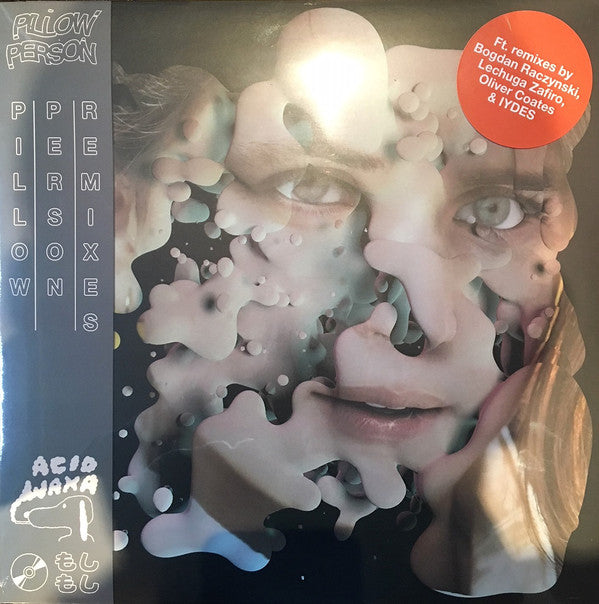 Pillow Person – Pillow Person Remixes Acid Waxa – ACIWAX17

★ ★ ★ ★

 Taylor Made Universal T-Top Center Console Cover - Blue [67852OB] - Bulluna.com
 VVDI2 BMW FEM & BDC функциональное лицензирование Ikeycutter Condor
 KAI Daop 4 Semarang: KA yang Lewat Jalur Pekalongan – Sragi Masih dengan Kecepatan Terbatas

★ ★ ★ ★

• [WHAT THE EXERCISE ASKS] Given the data above, transcribe exactly the lines from the one containing "VVDI2 BMW FEM" down to the one containing "KAI Daop 4 Semarang: KA", and no others.

• [COMPLETED TASK]
 VVDI2 BMW FEM & BDC функциональное лицензирование Ikeycutter Condor
 KAI Daop 4 Semarang: KA yang Lewat Jalur Pekalongan – Sragi Masih dengan Kecepatan Terbatas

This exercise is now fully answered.